Sergio Corbucci et moi, c'est une grande histoire d'amour, plus qu'un Sergio Leone dont le culte est indéniable dans le western italien, plus qu'un Sergio Sollima plus axé politique et moins enclin aux mélanges des genres, il est pour moi la définition même du western spaghetti : un mélange contre-nature d'émotions et de mythologies, où la violence nihiliste côtoie l'humour cynique tout en y instillant parfois une légère satire politique. Bref on est pas là pour brosser les mythes dans le sens du poil, on veut s'en prendre plein les mirettes et en avoir pour notre argent !
Jusque là catalogué comme un faiseur bis aux accents violents avec des films comme Navajo Joe, Le Grand Silence et surtout Django (1966) qui le fera connaitre, il va lancer avec El Mercenario la seconde phase de son travail, où l'humour tient une place prépondérante dans le récit sans pour autant se montrer parodique (on est plus dans une ironie latine), ni contredire la violence d'un background chaotique (ici, la Révolution Mexicaine, départ de toutes les trahisons et prises de pouvoir). Corbucci a toujours eu comme mot d'ordre de ne jamais se prendre au sérieux et de nous faire rire de choses affreuses, filmant avec désinvolture des exécutions publiques ou en exagérant un pseudo-duel léonien que la sublime musique symphonique d'Ennio Morricone se charge d'intensifier à son paroxysme.
El Mercenario et Companeros, sortis respectivement en 1968 et 1970, sont indubitablement des films jumeaux, auquel ils partagent la même structure narrative (l'occidental cynique face au naïf peon mexicain dans le foutoir de la Révolution) et surtout la même équipe (De l'indispensable Franco Nero, à l'improbable Jack Palance en passant le maestro Ennio Morricone qui réalise là ses deux plus belles partitions) qui se regardent comme deux variations sur le même thème, chacune ayant une raison d'être : El Mercenario est plus léger et classique dans son déroulement, alors que Companeros est décomplexé, tout en rendant son propos encore plus grave. Quoi qu'il en soit, difficile de ne pas prendre de plaisir face à ces deux cadeaux faits aux spectateurs avides de flingages et de bonnes vannes, c'est bien là tout le génie de Sergio Corbucci !

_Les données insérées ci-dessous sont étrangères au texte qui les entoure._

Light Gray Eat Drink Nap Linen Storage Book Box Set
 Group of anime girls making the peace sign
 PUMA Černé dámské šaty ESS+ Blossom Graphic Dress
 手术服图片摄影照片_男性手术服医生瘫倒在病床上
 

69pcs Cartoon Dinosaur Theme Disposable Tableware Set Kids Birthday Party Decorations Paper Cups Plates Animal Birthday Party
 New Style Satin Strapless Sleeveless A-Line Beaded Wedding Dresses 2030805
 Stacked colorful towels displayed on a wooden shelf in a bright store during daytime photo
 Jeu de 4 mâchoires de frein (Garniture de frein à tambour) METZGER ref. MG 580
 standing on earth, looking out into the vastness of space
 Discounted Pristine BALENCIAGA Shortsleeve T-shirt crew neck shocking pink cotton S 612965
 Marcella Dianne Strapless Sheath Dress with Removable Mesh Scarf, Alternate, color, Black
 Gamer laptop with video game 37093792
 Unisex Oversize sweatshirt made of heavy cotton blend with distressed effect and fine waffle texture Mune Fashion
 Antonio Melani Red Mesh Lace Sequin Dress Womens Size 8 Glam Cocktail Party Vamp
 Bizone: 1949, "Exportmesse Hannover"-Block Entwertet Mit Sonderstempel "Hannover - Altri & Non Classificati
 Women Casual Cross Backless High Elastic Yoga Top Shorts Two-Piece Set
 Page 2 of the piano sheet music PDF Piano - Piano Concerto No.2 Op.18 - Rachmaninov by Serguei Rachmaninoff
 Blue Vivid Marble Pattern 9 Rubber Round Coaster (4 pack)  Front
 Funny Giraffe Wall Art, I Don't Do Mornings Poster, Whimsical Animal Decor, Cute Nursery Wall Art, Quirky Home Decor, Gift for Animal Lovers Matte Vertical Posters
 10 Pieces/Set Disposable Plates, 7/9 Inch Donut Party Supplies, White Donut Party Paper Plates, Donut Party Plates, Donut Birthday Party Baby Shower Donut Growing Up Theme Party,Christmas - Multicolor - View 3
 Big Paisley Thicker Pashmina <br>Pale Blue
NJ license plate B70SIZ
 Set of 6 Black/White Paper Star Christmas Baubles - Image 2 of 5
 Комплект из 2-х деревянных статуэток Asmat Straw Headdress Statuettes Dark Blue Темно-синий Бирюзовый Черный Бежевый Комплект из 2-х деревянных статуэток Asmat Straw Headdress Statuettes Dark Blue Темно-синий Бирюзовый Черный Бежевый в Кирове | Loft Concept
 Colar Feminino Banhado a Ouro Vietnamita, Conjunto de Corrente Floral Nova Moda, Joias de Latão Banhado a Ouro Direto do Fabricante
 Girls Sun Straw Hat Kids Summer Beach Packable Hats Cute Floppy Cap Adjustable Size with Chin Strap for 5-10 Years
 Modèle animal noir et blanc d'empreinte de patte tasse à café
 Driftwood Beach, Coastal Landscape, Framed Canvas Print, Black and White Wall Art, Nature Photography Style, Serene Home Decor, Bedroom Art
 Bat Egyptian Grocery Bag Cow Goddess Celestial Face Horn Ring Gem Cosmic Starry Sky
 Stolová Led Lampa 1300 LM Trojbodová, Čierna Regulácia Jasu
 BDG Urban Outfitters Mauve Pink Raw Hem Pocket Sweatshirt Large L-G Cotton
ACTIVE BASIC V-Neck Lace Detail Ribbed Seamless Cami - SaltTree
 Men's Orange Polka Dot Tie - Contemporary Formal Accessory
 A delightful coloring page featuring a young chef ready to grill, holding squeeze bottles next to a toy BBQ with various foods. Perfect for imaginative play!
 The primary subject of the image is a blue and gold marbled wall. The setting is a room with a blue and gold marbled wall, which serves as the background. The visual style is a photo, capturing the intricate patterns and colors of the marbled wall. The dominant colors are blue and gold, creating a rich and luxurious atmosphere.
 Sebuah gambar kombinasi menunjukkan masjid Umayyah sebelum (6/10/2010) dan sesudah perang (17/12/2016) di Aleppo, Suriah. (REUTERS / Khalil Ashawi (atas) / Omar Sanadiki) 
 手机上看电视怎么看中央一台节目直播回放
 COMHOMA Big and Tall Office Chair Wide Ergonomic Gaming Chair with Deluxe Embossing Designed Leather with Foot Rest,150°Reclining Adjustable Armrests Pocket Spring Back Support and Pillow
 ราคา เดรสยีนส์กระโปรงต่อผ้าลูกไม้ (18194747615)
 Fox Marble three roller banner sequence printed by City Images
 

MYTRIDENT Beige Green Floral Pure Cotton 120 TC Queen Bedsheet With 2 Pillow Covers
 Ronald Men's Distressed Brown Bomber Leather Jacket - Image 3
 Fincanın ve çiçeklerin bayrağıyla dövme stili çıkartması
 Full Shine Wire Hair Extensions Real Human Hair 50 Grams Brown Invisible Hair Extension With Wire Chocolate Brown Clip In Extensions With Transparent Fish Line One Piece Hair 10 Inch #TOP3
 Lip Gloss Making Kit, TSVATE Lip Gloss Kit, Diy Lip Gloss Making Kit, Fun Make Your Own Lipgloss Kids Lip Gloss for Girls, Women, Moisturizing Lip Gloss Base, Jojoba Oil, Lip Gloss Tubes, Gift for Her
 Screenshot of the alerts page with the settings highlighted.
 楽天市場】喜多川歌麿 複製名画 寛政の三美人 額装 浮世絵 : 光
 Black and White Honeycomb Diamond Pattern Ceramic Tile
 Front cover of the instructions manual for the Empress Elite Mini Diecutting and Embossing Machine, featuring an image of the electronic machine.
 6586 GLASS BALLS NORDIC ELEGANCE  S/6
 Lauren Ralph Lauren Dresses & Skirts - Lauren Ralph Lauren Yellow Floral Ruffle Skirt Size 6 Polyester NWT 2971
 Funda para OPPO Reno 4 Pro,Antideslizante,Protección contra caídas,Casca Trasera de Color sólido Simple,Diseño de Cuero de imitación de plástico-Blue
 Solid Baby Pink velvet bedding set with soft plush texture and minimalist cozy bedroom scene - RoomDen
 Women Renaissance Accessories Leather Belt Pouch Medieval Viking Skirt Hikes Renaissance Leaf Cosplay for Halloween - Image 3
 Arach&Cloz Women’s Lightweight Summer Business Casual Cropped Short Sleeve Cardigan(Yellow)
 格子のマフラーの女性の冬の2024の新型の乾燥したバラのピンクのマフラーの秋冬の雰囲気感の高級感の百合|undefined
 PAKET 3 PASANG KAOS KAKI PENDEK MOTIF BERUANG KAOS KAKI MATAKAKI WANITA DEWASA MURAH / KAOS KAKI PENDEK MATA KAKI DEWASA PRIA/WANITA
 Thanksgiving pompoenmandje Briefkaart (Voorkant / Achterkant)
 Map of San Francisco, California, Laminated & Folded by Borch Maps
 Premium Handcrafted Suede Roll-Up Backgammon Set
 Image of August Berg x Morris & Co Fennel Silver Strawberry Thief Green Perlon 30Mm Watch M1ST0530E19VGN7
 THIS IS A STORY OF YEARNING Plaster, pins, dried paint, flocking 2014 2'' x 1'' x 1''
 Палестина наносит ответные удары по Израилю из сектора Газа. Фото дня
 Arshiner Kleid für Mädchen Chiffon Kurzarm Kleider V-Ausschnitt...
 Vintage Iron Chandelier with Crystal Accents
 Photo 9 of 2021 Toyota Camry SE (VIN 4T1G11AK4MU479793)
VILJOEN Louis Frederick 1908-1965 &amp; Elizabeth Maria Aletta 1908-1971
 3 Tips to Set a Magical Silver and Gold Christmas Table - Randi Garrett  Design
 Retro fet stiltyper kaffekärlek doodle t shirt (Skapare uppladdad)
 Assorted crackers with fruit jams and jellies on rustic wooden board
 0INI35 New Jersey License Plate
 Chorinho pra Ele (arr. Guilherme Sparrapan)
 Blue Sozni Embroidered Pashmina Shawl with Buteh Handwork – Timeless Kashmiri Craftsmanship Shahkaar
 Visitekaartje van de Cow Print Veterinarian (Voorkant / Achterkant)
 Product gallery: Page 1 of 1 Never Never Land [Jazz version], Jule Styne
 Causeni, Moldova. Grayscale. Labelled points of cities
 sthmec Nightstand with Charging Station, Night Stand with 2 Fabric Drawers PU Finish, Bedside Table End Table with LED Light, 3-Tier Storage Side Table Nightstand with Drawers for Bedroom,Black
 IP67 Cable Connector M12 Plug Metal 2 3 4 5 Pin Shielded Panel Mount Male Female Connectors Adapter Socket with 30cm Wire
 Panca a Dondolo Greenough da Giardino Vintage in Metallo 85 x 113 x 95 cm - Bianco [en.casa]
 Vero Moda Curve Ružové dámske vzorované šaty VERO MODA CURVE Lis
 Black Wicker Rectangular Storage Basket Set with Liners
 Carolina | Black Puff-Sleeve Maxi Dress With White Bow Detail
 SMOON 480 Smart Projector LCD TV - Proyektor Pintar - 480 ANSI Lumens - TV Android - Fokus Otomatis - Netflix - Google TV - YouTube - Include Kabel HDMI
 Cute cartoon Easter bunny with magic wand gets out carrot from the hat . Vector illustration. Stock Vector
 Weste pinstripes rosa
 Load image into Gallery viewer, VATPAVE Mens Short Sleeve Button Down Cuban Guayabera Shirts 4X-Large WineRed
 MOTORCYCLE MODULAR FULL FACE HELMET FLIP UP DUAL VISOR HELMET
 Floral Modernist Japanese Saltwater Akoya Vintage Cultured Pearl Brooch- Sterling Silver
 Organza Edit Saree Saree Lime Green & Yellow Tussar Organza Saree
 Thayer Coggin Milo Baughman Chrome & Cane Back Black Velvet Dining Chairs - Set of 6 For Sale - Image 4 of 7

J'ai hâte de découvrir un jour le troisième volet de cette saga "Révolutionnaire" sobrement intitulé (sic) Mais Qu'est ce Que Je Viens Foutre au Milieu de Cette Révolution ? (1974) qui annonce la couleur de l'orientation beaucoup plus parodique de la carrière de Corbucci (et du western italien plus globalement), après un Far West Story (1972) qui clôt de façon magistrale un cycle incontournable.